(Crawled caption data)
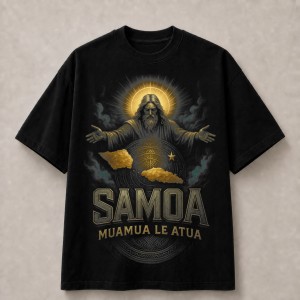 Samoa Muamua Le Atua Divine Faith T-Shirt - Black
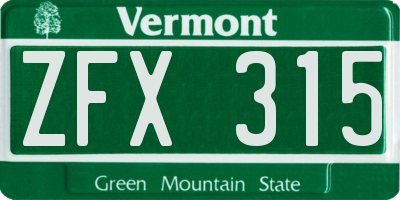 VT license plate ZFX315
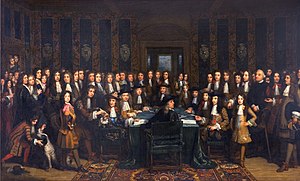 Vrede van Nijmegen - De ondertekening van de Vrede tussen Frankrijk en Spanje door Henri Gascard (1635-1701).jpg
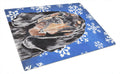 Black and Tan Coonhound Winter Snowflakes Cutting Board Tempered Glass Kitchen Cutting Surface, Heat Resistant Chopping, Non-Slip Feet, Food Prep & Serving
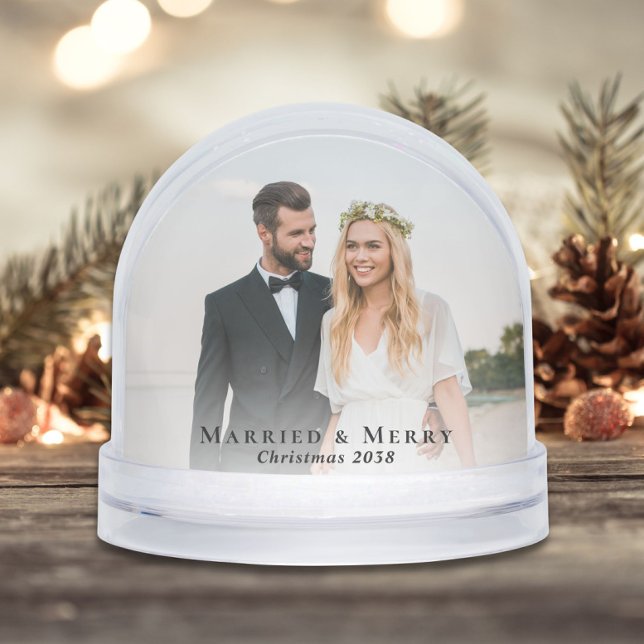 Newlywed Christmas Married And Merry Photo Snowglobe (Creator Uploaded)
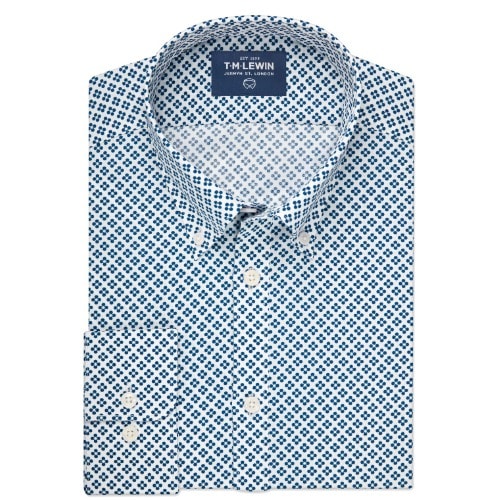 Flower Print Slim Fit Blue Shirt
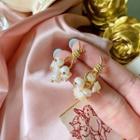 Knot Alloy Faux Pearl Fringed Earring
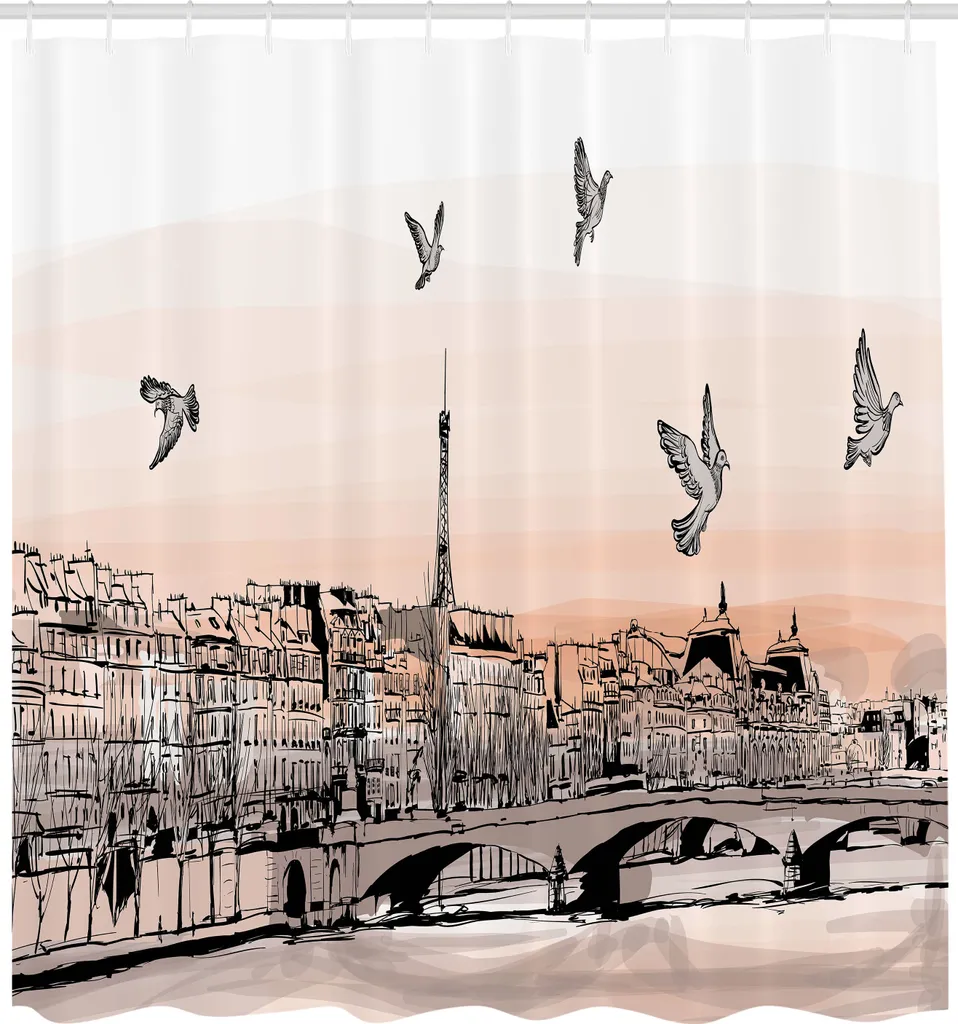 Tenda Doccia Parigi Pont Des Arts 175x240 ABAKUHAUS | Tessuto Premium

Work task: Since the pictures are not wanted, write out the rest of the data exactly as it reads.

Answer area:
 Samoa Muamua Le Atua Divine Faith T-Shirt - Black
 VT license plate ZFX315
 Vrede van Nijmegen - De ondertekening van de Vrede tussen Frankrijk en Spanje door Henri Gascard (1635-1701).jpg
 Black and Tan Coonhound Winter Snowflakes Cutting Board Tempered Glass Kitchen Cutting Surface, Heat Resistant Chopping, Non-Slip Feet, Food Prep & Serving
 Newlywed Christmas Married And Merry Photo Snowglobe (Creator Uploaded)
 Flower Print Slim Fit Blue Shirt
 Knot Alloy Faux Pearl Fringed Earring
 Tenda Doccia Parigi Pont Des Arts 175x240 ABAKUHAUS | Tessuto Premium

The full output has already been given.